**WORK ORDER:** Starting with the line containing "Bible Covers Case" and going on through the line containing "Kieffer Ultrasoft Leather", return the lines of the data below exactly, and only those.

**DATA RECORDS:**
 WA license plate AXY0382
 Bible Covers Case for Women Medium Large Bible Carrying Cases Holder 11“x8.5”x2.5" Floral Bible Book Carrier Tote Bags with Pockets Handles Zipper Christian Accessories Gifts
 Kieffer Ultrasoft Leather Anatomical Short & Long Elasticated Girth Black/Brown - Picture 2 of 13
--
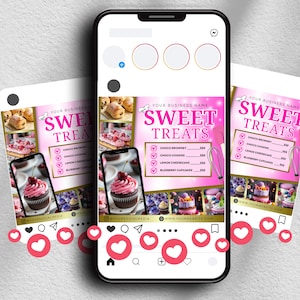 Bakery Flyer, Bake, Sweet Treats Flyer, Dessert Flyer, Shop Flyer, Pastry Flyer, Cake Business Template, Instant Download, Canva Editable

**REPLY:**
 Bible Covers Case for Women Medium Large Bible Carrying Cases Holder 11“x8.5”x2.5" Floral Bible Book Carrier Tote Bags with Pockets Handles Zipper Christian Accessories Gifts
 Kieffer Ultrasoft Leather Anatomical Short & Long Elasticated Girth Black/Brown - Picture 2 of 13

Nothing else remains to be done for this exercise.